Mas o processo ainda não havia acabado.
O zelador e seus parentes haviam confessado o assassinato do meu pai e todos afirmaram que haviam sido abordados e pagos por Mohiuddin. Mas os advogados de Mohiuddin apresentaram um novo recurso, desta vez para a Divisão de Apelações da Suprema Corte de Bangladesh – o mais alto tribunal de recursos do país.
Eu me debrucei sobre os documentos, preparando papéis, formando linhas do tempo, elaborando perfis criminais, falando com advogados e acalentando o espírito do meu irmão e da minha mãe. Noites a fio, fins de semana, vários Ramadãs, todos foram gastos orando e mantendo em mente nosso objetivo – justiça e paz para o nosso pai.
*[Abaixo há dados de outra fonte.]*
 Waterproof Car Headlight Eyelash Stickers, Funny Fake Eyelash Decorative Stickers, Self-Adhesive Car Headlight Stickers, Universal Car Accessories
Eu agora era uma advogada determinada com uma missão, na casa dos 30 anos de idade, e não mais a menina adolescente nervosa que teve seu mundo destruído em 2006. Mas estávamos presos ao cronograma dos tribunais. Esperamos oito longos anos para que o recurso pudesse ser ouvido.
Mia Mohiuddin é um homem rico e com boas conexões. Seu cunhado é um influente político de Bangladesh.
Ele tinha recursos e uma grande equipe de advogados à sua disposição. Esses advogados argumentavam que ele não tinha relação com a morte do meu pai, que ele e meu pai sempre foram amigos próximos e que não havia nenhuma prova física contra ele – apenas provas circunstanciais.
Não importava que os outros três homens tivessem fornecido confissões detalhadas, nem que seu comportamento após o crime não fosse o esperado de alguém próximo da nossa família. Mohiuddin, o homem que havia nos visitado com tanta frequência anos antes, permaneceu distante do funeral do meu pai – ele foi o único membro da faculdade a não comparecer. Nem visitou nossa família para oferecer apoio.
A Suprema Corte, com muitos casos em atraso para julgamento, só incluiu na pauta o processo do meu pai no final de 2021. E foi apenas em 5 de abril de 2022 que os juízes, liderados pelo juiz Hasan Foez Siddique, concluíram que Mia Mohammad Mohiuddin era culpado do assassinato do meu pai e mantiveram sua pena de morte.
Depois do julgamento, publiquei uma declaração em nome da família, afirmando que estávamos felizes com o veredicto, mas não tenho certeza se “feliz” era a palavra certa. Ainda não tenho as palavras para descrever o que nossa família passou nesses últimos 16 anos. A dor é inimaginável. Às vezes me pergunto se algum dia terei paz, sabendo que meu pai morreu daquela forma.
A luta para trazer justiça para o meu pai dominou minha vida adulta, ao ponto de que minha própria vida foi colocada de lado. As pessoas me perguntam se eu vou me estabelecer e ter minha própria família.
Talvez, depois que os assassinos do meu pai estiverem mortos. Talvez aí eu possa sentir que acabou. Meu pai era o meu mundo. Ele era um homem muito bom, decente, simples e sábio.
O que os assassinos fizeram para o meu pai, simplesmente porque Mohiuddin corria o risco de perder o emprego, é impensável. Mas, por ele, vou continuar, lutar por justiça e viver uma boa vida.